What to do: As the lines appear below, please set them down exactly, starting at the first and finishing with the one containing "24PCS Icy Blue".

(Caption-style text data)
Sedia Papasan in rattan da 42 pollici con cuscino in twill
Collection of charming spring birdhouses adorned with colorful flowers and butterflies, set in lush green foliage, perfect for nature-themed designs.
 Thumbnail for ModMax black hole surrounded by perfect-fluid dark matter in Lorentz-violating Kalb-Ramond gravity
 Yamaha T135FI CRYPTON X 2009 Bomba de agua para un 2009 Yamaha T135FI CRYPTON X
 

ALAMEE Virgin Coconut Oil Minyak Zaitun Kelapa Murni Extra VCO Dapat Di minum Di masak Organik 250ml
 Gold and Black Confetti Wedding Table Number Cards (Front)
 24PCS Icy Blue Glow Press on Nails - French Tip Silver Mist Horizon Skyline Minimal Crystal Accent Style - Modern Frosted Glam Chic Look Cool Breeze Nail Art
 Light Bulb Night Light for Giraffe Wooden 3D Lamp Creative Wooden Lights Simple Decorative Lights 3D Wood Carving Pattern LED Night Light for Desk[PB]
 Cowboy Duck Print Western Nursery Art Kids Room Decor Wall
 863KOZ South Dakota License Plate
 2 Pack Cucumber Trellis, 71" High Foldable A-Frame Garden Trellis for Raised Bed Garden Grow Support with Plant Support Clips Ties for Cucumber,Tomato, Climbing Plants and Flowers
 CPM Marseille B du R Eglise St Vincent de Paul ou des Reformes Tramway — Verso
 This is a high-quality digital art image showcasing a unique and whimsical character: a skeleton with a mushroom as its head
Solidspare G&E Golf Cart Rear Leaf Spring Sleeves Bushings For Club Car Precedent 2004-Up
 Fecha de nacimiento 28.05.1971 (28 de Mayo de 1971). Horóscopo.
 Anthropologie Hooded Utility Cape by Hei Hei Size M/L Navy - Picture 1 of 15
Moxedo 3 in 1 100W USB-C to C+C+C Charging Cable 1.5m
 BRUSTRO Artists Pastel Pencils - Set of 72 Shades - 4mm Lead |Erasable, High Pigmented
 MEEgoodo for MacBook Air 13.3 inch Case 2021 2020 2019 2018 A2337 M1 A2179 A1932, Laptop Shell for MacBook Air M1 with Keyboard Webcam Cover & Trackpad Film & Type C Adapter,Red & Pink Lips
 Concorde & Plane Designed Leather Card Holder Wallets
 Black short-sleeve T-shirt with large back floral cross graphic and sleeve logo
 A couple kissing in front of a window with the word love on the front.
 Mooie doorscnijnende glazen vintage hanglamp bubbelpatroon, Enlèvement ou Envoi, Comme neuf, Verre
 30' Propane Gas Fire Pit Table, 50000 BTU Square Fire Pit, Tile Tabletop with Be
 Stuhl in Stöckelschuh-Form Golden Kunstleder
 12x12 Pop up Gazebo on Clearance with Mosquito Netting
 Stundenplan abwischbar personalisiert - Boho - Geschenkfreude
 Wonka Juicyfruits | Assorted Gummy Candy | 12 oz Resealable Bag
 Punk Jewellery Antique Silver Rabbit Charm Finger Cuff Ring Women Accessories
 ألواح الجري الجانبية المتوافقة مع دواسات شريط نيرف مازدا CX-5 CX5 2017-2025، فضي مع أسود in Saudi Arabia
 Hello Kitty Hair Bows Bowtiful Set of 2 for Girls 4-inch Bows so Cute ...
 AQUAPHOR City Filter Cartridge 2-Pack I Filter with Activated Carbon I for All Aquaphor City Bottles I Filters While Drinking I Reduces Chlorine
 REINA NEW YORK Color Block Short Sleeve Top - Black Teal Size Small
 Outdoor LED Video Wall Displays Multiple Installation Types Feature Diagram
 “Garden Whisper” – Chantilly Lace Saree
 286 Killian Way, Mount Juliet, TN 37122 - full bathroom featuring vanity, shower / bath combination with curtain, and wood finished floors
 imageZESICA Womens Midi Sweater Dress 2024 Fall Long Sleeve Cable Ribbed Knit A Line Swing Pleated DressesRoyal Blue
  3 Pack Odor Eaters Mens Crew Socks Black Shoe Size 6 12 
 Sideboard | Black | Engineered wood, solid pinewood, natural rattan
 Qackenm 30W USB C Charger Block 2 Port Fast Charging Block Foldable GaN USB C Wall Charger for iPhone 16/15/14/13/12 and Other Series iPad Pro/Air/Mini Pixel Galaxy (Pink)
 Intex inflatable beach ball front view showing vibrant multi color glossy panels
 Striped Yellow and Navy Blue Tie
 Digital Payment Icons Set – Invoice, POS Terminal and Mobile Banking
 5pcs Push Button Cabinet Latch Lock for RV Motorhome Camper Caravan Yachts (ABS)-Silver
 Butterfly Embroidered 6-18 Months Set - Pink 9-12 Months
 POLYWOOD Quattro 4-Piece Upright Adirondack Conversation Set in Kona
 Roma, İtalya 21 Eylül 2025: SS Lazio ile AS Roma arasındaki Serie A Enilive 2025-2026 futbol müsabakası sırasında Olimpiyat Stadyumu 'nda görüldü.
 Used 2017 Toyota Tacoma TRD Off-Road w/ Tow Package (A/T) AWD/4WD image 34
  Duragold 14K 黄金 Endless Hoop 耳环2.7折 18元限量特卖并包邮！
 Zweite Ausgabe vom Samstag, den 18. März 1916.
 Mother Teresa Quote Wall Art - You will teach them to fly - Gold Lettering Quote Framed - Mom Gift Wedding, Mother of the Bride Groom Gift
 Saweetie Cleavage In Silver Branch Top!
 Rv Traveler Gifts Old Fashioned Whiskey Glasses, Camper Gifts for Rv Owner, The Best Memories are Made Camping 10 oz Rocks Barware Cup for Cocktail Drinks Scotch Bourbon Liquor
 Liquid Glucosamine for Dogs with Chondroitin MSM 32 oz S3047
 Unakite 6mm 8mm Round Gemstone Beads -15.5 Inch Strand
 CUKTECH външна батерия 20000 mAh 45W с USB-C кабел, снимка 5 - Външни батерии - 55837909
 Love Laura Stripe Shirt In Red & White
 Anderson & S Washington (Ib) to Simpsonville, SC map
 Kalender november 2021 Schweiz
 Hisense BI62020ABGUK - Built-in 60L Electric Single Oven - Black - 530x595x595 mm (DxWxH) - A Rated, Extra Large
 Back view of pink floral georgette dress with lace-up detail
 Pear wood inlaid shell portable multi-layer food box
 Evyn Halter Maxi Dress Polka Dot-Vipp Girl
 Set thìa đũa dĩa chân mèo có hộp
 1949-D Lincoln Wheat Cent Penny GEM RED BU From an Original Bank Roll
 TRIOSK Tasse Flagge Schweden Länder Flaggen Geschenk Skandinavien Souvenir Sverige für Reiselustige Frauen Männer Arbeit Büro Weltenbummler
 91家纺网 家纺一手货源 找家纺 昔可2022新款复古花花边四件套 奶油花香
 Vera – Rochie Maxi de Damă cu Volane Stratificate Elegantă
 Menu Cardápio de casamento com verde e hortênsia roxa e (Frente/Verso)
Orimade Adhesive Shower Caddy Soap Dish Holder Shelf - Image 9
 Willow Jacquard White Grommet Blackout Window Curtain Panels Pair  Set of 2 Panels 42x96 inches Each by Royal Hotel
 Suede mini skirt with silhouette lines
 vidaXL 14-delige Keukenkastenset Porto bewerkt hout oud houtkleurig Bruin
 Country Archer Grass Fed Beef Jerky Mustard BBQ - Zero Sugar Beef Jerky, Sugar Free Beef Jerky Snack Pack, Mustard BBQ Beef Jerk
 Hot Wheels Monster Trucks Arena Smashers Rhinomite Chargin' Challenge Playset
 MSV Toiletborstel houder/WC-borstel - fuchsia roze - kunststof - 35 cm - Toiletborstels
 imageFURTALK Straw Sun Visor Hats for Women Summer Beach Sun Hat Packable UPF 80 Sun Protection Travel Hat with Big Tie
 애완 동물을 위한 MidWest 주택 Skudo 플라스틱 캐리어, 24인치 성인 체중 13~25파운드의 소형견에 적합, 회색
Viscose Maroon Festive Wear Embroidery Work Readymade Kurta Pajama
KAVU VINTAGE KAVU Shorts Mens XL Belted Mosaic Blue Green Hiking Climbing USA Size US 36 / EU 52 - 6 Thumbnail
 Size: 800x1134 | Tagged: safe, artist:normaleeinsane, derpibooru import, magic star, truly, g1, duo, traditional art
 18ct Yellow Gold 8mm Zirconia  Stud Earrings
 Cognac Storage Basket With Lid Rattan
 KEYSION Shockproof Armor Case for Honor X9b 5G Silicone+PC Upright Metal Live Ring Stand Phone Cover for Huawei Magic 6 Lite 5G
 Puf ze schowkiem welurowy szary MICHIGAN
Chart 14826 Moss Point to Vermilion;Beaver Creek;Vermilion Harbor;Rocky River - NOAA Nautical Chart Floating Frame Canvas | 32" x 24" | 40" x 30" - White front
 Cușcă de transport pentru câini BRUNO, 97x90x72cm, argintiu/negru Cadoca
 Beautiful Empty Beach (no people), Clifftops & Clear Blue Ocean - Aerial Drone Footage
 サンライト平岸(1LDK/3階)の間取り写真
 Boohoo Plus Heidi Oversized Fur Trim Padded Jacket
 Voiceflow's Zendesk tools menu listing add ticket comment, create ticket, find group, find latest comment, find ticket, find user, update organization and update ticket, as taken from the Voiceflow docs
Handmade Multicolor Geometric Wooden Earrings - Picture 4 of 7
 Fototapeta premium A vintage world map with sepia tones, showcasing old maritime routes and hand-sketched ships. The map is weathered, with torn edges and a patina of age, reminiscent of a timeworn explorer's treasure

Exercise answer:
Sedia Papasan in rattan da 42 pollici con cuscino in twill
Collection of charming spring birdhouses adorned with colorful flowers and butterflies, set in lush green foliage, perfect for nature-themed designs.
 Thumbnail for ModMax black hole surrounded by perfect-fluid dark matter in Lorentz-violating Kalb-Ramond gravity
 Yamaha T135FI CRYPTON X 2009 Bomba de agua para un 2009 Yamaha T135FI CRYPTON X
 

ALAMEE Virgin Coconut Oil Minyak Zaitun Kelapa Murni Extra VCO Dapat Di minum Di masak Organik 250ml
 Gold and Black Confetti Wedding Table Number Cards (Front)
 24PCS Icy Blue Glow Press on Nails - French Tip Silver Mist Horizon Skyline Minimal Crystal Accent Style - Modern Frosted Glam Chic Look Cool Breeze Nail Art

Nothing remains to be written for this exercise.